# Word2GM Training Data Pipeline

**Pipeline: Corpus file → TFRecord training artifacts (triplets and vocabulary)**

Use this notebook to prepare a Google 5gram corpora for Word2GM skip-gram training.

## Pipeline Workflow

1. **Input**: Preprocessed corpus file (e.g., `2019.txt`) in `/vast` NVMe storage
2. **Processing**: TensorFlow-native filtering, vocabulary building, and triplet generation
3. **Output**: TFRecord artifacts in organized subdirectories (e.g., `2019_artifacts/`)

### **Artifact Storage**
The pipeline creates year-specific subdirectories alongside the original text corpora:
<pre>
/vast/edk202/NLP_corpora/.../data/
├── 2018.txt
├── 2019.txt
├── 2020.txt
├── 2018_artifacts/
│   ├── triplets.tfrecord.gz
│   └── vocab.tfrecord.gz
├── 2019_artifacts/
│   ├── triplets.tfrecord.gz
│   └── vocab.tfrecord.gz
└── 2020_artifacts/
    ├── triplets.tfrecord.gz
    └── vocab.tfrecord.gz
</pre>

## Set Up for Data Preparation

In [1]:
# Basic setup - add project src to path
import sys
from pathlib import Path
import os

# Set project root and add src to path
PROJECT_ROOT = '/scratch/edk202/word2gm-fast'
project_root = Path(PROJECT_ROOT)
src_path = project_root / 'src'

if str(src_path) not in sys.path:
    sys.path.insert(0, str(src_path))

# Enable autoreload for development
%load_ext autoreload
%autoreload 2

# Basic imports
import tensorflow as tf
import numpy as np
import pandas as pd

# Import the batch processing function directly
from word2gm_fast.dataprep.pipeline import batch_prepare_training_data

print("Setup complete - ready for data preparation")

2025-07-14 17:40:48.131008: I tensorflow/core/util/port.cc:153] oneDNN custom operations are on. You may see slightly different numerical results due to floating-point round-off errors from different computation orders. To turn them off, set the environment variable `TF_ENABLE_ONEDNN_OPTS=0`.
2025-07-14 17:40:48.147376: E external/local_xla/xla/stream_executor/cuda/cuda_fft.cc:467] Unable to register cuFFT factory: Attempting to register factory for plugin cuFFT when one has already been registered
E0000 00:00:1752529248.165213 2041250 cuda_dnn.cc:8579] Unable to register cuDNN factory: Attempting to register factory for plugin cuDNN when one has already been registered
E0000 00:00:1752529248.170561 2041250 cuda_blas.cc:1407] Unable to register cuBLAS factory: Attempting to register factory for plugin cuBLAS when one has already been registered
W0000 00:00:1752529248.184454 2041250 computation_placer.cc:177] computation placer already registered. Please check linkage and avoid linking 

Setup complete - ready for data preparation


## Print Resource Summary

In [2]:
# Import and run resource summary
from word2gm_fast.utils.resource_summary import print_resource_summary

print_resource_summary()

2025-07-14 17:40:52.170233: E external/local_xla/xla/stream_executor/cuda/cuda_platform.cc:51] failed call to cuInit: INTERNAL: CUDA error: Failed call to cuInit: UNKNOWN ERROR (303)

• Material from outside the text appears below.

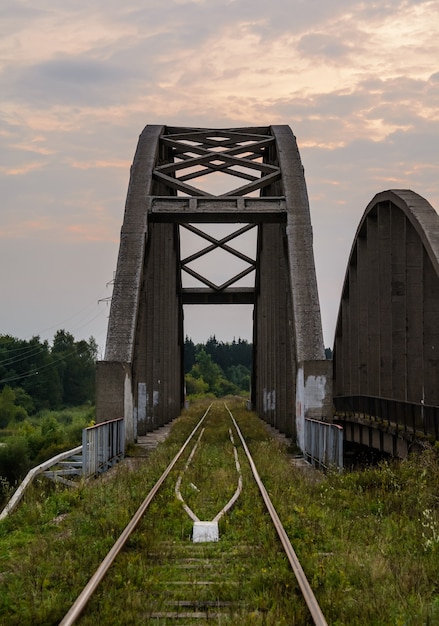 Photo pont en dos d'âne le pont sur la volga l'un des plus anciens ponts en béton armé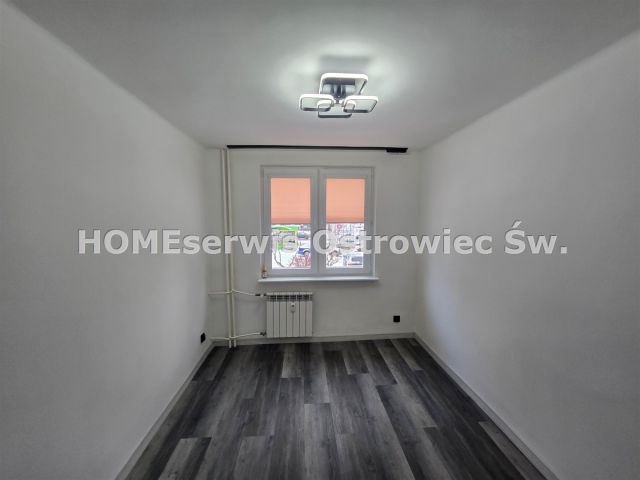 Mieszkanie 3-pokojowe Ostrowiec Świętokrzyski Centrum. Zdjęcie 15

<pre>SYSTEM RESOURCE SUMMARY
=============================================
Hostname: cm047.hpc.nyu.edu

Job Allocation:
   CPUs: 14
   Memory: 125.0 GB
   Partition: short
   Job ID: 63723940
   Node list: cm047

Physical GPU Hardware:
   No physical GPUs allocated to this job

TensorFlow GPU Recognition:
   TensorFlow can access 0 GPU(s)
   Built with CUDA support: True
=============================================</pre>

## Prepare Corpora

Here, we run the data-preparation pipeline from start to finish — reading preprocessed ngram corpora, generating all valid triplets, extracting the vocabulary, and saving the triplets and vocabulary as `tfrecord` files.

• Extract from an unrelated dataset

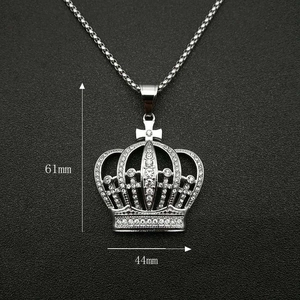 Détail macro du pendentif couronne de roi montrant les dimensions de 61mm de haut et 44mm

### Options for Data Preparation

You can control which years are processed and how the batch preparation runs by adjusting the arguments to `batch_prepare_training_data`:

**Ways to specify years:**
- `year_range="2010"` — Process a single year (e.g., only 2010).
- `year_range="2010,2012,2015"` — Process a comma-separated list of years.
- `year_range="2010-2015"` — Process a range of years, inclusive (2010 through 2015).
- `year_range="2010,2012-2014,2016"` — Combine individual years and ranges (2010, 2012, 2013, 2014, 2016).

**Other options:**
- `compress` — If `True`, output TFRecords are gzip-compressed. If `False`, output is uncompressed.
- `show_progress` — If `True`, display a progress bar for each year.
- `show_summary` — If `True`, print a summary of the processed data for each year.
- `use_multiprocessing` — If `True`, process years in parallel using multiple CPU cores (recommended for large datasets).

**TensorFlow Logging:**
- TensorFlow logging is set to ERROR level to reduce verbose output
- The pipeline still works normally, but with cleaner console output
- Critical errors will still be displayed if they occur

See the function docstring or source for more advanced options.

In [None]:
# Test the refactored frequency scanner with corpus_to_dataset
from word2gm_fast.dataprep.corpus_to_dataset import make_dataset
from word2gm_fast.dataprep.dataset_to_frequency import dataset_to_frequency

# Test corpus path
test_corpus_path = "/vast/edk202/NLP_corpora/Google_Books/20200217/eng-fiction/5gram_files/6corpus/yearly_files/data/2019.txt"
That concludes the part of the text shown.